88a: UnitArrays Core

  • New stochastic_warfare/simulation/unit_arrays.pyUnitArrays class with 8 SoA fields
  • from_units() classmethod builds arrays from units_by_side dict
  • Fields: positions (n,2), health (n,), fuel (n,), morale_state (n,), side_indices (n,), operational (n,), max_range (n,), unit_ids
  • Filtering: side_mask(), enemy_mask(), get_enemy_positions(), get_active_enemy_indices()
  • Distance: distance_matrix() via scipy.spatial.distance.cdist
  • Position sync-back: sync_positions_to_units() (preserves altitude)
  • Wired into battle.py execute_tick() behind enable_soa: bool = False CalibrationSchema flag
  • When enabled, overrides enemy_pos_arrays with SoA-derived versions — all downstream consumers (LOD, movement, engagement) get SoA data transparently
  • UnitArrays rebuilt after movement phase (positions stale after movement)

88b: SoA Detection Integration

  • FogOfWarManager.update() accepts optional unit_arrays parameter
  • When SoA available and STRtree not used, vectorized numpy range check filters targets: np.sqrt(np.sum(diffs * diffs, axis=1)) replaces per-target Python distance loop
  • STRtree remains primary culling mechanism; numpy range check is alternative path
  • Battle.py passes _unit_arrays to FOW update call

88c: SoA Morale & Engagement Integration

  • Morale arrays pre-extracted from UnitArrays for batch consumption
  • Health arrays available for pre-computed stress factors
  • get_side_positions() provides contiguous position arrays for engagement STRtree
  • distance_matrix() for pairwise engagement distance computation

Design Decisions

  1. UnitArrays is a read-mostly snapshot — built at tick start, consumed during phases, discarded. Unit objects remain source of truth. Avoids sync-bug risk from dual-representation.

  2. Movement NOT vectorized — movement loop has 15+ conditional branches per unit (posture, weather, obstacles, fuel, fire zones). Vectorizing would require restructuring the entire movement phase. SoA provides position arrays to existing vectorized helpers (_movement_target, _nearest_enemy_dist from Phase 70).

  3. _build_enemy_data() still runs — SoA overrides enemy_pos_arrays dict after construction, giving all existing consumers SoA-derived data without downstream changes.

  4. STRtree coexists with SoA — complementary, not competing.
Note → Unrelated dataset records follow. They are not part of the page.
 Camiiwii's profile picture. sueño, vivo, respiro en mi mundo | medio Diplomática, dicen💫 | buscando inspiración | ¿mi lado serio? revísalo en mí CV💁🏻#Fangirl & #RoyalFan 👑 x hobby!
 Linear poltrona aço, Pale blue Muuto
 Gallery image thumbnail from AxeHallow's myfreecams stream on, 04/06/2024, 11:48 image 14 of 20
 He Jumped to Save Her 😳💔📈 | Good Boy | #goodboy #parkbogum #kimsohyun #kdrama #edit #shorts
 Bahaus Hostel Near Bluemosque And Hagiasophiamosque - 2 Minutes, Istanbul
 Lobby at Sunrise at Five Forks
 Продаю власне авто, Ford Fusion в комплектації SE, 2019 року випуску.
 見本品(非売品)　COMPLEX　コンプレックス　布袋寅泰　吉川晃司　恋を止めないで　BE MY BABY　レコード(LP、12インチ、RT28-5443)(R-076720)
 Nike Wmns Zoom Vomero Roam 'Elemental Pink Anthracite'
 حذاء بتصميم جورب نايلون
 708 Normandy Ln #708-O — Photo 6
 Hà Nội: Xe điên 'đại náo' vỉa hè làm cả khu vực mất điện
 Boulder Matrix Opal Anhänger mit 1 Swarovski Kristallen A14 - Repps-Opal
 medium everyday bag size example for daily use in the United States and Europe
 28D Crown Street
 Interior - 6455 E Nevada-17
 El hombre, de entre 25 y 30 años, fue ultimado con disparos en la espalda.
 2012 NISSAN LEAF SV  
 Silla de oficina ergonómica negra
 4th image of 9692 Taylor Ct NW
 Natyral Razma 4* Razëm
STRtree handles spatial culling; SoA provides contiguous arrays for numpy operations.

  5. enable_soa=False default — zero behavioral change when disabled. Opt-in for performance testing.

Files Changed

File Action Lines
stochastic_warfare/simulation/unit_arrays.py New ~220
stochastic_warfare/simulation/battle.py Modified +20
stochastic_warfare/simulation/calibration.py Modified +3
stochastic_warfare/detection/fog_of_war.py Modified +18
tests/unit/test_phase88_unit_arrays.py New 26 tests
tests/unit/test_phase88_detection_soa.py New 7 tests
tests/unit/test_phase88_integration.py New 10 tests

Performance Notes

  • Distance matrix (500×500 units): vectorized cdist >10x faster than Python loop
  • Numpy range check avoids per-target Position→float extraction overhead
  • UnitArrays construction is O(n) — lightweight for typical battle sizes (10-200 units)
  • Main performance gains expected when Phase 89 (per-side parallelism) consumes SoA data

Known Limitations

  • SoA only consumed by detection (range check) and battle loop (enemy positions) — morale/engagement integration is structural only (pre-extracted arrays available but not yet driving batch computation)
  • sync_positions_to_units() exists but not yet used in practice — movement still updates Unit objects directly
  • max_range extraction requires unit_weapons dict — not available in all test contexts
  • No Numba kernel integration yet — SoA provides the data layout; Phase 89 threading will be the consumer
  • ammo field was in the original spec but omitted — unit ammo is per-weapon, not a single scalar; deferred until a clear consumer exists

Postmortem

1. Delivered vs Planned

~60% of planned scope delivered. Core UnitArrays class, battle loop integration, FOW vectorized range check all delivered. Three items descoped:

  • Movement vectorization dropped — 15+ conditional branches per unit make vectorized position updates impractical. Sound decision documented in Design Decisions.
  • Morale batch computation dropped — Phase 87 JIT kernels already fast per-unit. Arrays pre-extracted but not driving batch computation. Structural-only integration.
  • ammo field omitted — unit ammo is per-weapon (list of weapon/ammo tuples), not a single scalar. No clean SoA representation without flattening. Deferred.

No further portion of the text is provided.